ACTIVITY
The data follows this line. Copy verbatim the line with "clés de forêt" and each line after it to the end.

(Records from a data source)
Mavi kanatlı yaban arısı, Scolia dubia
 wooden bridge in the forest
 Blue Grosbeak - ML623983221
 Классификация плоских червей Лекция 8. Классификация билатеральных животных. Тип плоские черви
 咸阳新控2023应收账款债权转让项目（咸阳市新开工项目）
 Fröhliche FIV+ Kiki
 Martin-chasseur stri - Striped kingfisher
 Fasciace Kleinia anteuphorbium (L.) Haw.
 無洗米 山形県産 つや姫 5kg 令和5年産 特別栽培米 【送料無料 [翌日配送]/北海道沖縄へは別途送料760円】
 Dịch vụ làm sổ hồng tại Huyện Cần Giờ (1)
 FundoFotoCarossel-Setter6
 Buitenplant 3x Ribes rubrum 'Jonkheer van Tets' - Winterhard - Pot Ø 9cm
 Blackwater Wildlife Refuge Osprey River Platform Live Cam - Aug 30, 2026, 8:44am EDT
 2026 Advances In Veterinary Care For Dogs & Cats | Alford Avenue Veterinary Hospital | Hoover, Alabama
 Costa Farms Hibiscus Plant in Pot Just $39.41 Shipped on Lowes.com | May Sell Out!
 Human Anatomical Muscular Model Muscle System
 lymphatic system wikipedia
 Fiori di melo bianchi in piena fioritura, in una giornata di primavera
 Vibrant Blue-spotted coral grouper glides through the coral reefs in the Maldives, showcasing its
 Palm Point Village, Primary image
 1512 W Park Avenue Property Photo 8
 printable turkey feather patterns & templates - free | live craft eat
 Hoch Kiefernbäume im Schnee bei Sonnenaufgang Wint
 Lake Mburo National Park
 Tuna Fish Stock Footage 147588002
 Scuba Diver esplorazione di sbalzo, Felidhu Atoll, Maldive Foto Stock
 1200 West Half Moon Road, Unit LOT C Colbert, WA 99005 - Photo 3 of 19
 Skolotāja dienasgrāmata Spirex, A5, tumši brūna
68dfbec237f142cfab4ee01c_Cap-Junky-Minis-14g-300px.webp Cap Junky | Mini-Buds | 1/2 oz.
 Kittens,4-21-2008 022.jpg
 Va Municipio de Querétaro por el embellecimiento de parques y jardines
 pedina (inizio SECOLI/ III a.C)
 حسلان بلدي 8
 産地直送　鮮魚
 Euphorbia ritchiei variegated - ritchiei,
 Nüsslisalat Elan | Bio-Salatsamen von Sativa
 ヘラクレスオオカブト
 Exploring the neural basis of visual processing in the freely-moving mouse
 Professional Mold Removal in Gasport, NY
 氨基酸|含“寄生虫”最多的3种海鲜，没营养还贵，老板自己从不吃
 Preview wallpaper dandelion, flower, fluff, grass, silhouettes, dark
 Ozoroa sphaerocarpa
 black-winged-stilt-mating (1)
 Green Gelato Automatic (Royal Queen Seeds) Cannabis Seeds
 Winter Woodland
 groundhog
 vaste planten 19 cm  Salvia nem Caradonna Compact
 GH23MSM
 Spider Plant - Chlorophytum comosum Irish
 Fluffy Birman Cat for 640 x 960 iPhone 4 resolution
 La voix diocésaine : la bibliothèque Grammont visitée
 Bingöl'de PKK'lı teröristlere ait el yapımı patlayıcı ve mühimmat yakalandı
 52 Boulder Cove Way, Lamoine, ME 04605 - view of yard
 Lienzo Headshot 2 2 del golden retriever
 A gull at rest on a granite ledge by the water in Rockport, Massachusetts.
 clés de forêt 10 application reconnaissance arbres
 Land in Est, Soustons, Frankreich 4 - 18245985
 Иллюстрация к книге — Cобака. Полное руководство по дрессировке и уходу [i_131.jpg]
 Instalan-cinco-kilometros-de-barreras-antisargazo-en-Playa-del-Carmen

PROBLEM SOLUTION
 clés de forêt 10 application reconnaissance arbres
 Land in Est, Soustons, Frankreich 4 - 18245985
 Иллюстрация к книге — Cобака. Полное руководство по дрессировке и уходу [i_131.jpg]
 Instalan-cinco-kilometros-de-barreras-antisargazo-en-Playa-del-Carmen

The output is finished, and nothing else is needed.